Researchers from Imperial College London have found the trigger that causes inflammation and artery damage in patients with atherosclerosis.
Researchers from Imperial College London have found the trigger that causes inflammation and artery damage in patients with atherosclerosis. According to a press release, the trigger is the receptor molecule TLR-2, which “lives on the surface of an immune cell,” switching it into “attack mode” in the presence of harmful molecules and stress. Research shows that TLR-2 “is unusually active in plaques in the carotid artery in the neck,” and that blocking the TLR-2 receptor prevents cells from producing molecules that cause inflammation and damage to the artery.

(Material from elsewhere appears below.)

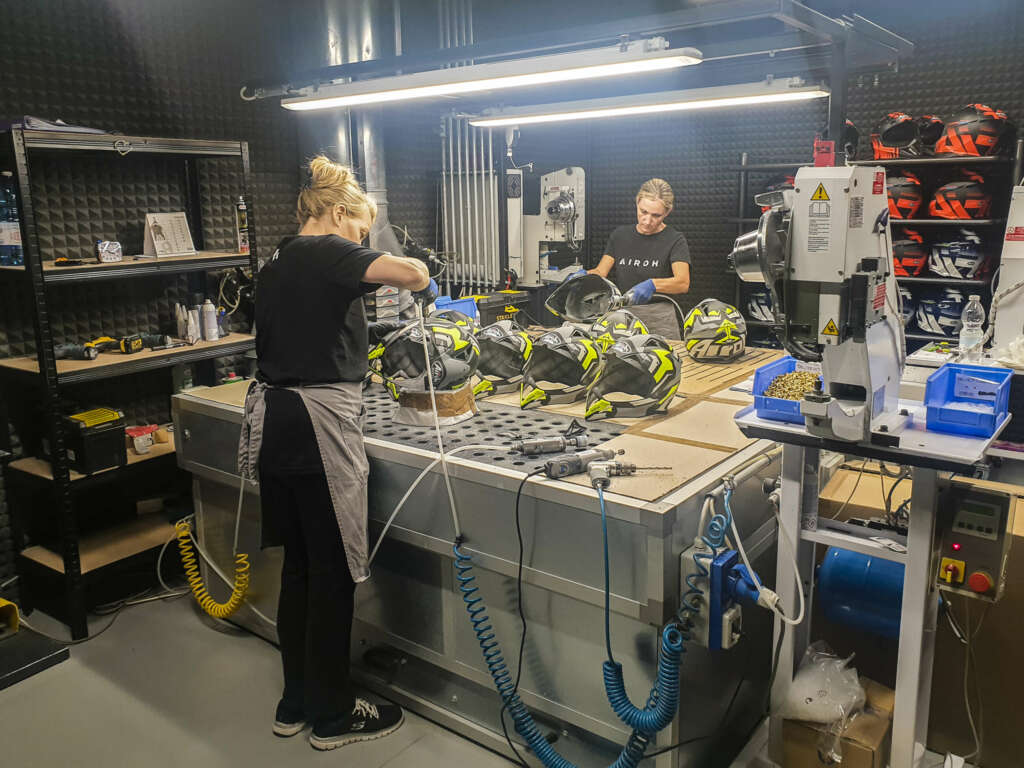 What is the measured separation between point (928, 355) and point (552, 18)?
149 inches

Study author Claudia Monaco, MD, PhD, from the Kennedy Institute of Rheumatology and Vascular Surgery at Imperial College London, said that this study “reveals the trigger for inflammation and tissue breakdown in artery plaques. We have also shown that this trigger mechanism can be blocked using antibodies. If we can find a way to successfully block these receptors in people, without reducing their ability to fight off infection, we could potentially develop a treatment for atherosclerosis.”

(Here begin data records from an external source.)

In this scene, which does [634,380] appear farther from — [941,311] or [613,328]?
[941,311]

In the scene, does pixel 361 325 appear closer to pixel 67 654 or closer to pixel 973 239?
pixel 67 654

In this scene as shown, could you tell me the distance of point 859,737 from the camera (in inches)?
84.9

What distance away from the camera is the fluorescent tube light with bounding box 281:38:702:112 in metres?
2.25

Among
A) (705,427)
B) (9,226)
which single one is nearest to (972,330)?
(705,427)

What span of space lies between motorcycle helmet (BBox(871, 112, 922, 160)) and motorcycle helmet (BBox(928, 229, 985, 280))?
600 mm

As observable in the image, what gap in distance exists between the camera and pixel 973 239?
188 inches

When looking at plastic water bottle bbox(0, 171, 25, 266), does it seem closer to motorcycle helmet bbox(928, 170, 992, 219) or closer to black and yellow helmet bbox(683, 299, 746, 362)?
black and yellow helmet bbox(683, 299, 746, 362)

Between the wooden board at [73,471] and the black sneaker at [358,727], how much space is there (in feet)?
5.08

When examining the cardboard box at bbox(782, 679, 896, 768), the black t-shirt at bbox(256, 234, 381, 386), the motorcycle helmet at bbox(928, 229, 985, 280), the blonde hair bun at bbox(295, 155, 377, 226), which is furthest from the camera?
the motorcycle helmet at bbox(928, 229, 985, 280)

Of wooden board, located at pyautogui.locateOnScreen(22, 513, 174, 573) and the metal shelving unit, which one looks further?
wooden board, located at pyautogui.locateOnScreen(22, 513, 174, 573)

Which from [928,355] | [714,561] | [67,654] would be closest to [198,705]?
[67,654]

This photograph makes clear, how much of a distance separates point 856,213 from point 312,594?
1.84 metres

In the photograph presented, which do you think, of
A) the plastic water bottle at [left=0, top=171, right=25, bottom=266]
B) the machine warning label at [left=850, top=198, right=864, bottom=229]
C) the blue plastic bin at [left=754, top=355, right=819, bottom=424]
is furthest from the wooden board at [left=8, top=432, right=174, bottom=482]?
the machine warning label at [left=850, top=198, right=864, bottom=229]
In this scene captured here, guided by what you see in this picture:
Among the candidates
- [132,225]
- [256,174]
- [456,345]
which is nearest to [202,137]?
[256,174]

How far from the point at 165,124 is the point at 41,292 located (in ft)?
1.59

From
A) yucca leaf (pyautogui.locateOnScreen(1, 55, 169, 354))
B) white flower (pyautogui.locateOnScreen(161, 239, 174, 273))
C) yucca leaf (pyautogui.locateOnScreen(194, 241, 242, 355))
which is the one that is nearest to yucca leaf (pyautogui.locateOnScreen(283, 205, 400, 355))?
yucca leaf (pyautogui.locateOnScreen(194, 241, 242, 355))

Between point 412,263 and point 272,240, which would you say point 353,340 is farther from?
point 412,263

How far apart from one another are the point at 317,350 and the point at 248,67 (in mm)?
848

For the study, researchers assessed atherosclerotic sections of the carotid artery from 58 patients who had suffered a stroke. Analysis of the artery tissue showed that “the cells had produced an unusually large amount of inflammatory molecules and enzymes that damage arteries.”
The researchers cultivated the cells with “several different antibodies designed to block different receptors and molecules involved in the inflammation process,” revealing that “blocking TLR-2 using an antibody reduced the production of inflammation molecules and enzymes dramatically.”

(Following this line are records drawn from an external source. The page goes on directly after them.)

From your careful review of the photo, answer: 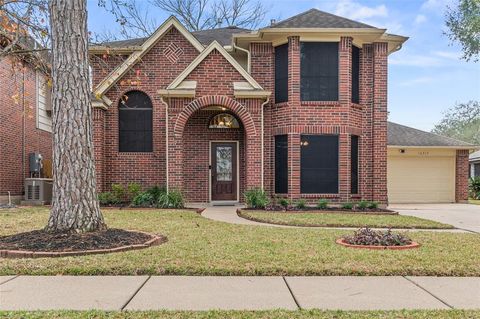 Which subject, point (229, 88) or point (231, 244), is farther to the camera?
point (229, 88)

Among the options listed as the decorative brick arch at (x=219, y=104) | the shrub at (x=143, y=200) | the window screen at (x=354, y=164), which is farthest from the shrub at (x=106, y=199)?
the window screen at (x=354, y=164)

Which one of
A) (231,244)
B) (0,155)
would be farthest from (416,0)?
(0,155)

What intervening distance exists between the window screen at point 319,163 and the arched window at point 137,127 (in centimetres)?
555

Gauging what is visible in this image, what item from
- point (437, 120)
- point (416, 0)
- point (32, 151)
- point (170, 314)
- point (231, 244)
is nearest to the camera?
point (170, 314)

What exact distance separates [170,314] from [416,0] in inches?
461

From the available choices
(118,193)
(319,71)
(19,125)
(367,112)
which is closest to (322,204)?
(367,112)

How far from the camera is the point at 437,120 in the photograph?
223ft

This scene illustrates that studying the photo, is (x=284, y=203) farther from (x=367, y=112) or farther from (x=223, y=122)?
(x=367, y=112)

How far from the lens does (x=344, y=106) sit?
42.5 feet

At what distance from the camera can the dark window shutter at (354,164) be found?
13281mm

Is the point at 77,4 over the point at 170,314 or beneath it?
over

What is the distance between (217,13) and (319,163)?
17.9 meters

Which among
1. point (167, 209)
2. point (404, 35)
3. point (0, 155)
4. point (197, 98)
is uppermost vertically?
point (404, 35)

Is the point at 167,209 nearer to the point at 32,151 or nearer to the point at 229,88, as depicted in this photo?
the point at 229,88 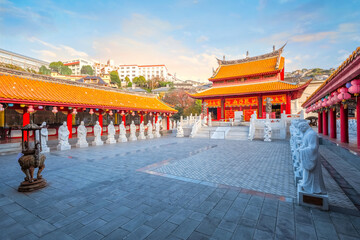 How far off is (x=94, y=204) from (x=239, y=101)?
2057 centimetres

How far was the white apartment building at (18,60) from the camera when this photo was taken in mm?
45125

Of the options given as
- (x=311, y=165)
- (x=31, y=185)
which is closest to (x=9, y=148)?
(x=31, y=185)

Results from the study were published online ahead of print in Circulation. In the article abstract, the authors noted that a
dominant-negative form of myeloid differentiation primary response gene 88 (MyD88) decreased the production of monocyte chemotactic protein-1/CCL2, IL-8/CXCL8, IL-6, matrix metalloproteinase-1 (MMP-1), and MMP-3, as well as nuclear factor-kappaB activation in atheroma cell cultures. IL-1R antagonist, TLR-4 blocking antibodies, or overexpression of a dominant-negative form of the TLR-4 signaling adaptor TRIF-related adaptor molecule “reduced nuclear factor- kappaB activity but did not have a broad impact on the production of the mediators studied.” In contrast, TLR-2 neutralizing antibodies “inhibited nuclear factor-kappaB activation and significantly reduced monocyte chemotactic protein-1/CCL2, IL-8/CXCL8, IL-6, and MMP-1, MMP-2, MMP-3, and MMP-9 production.”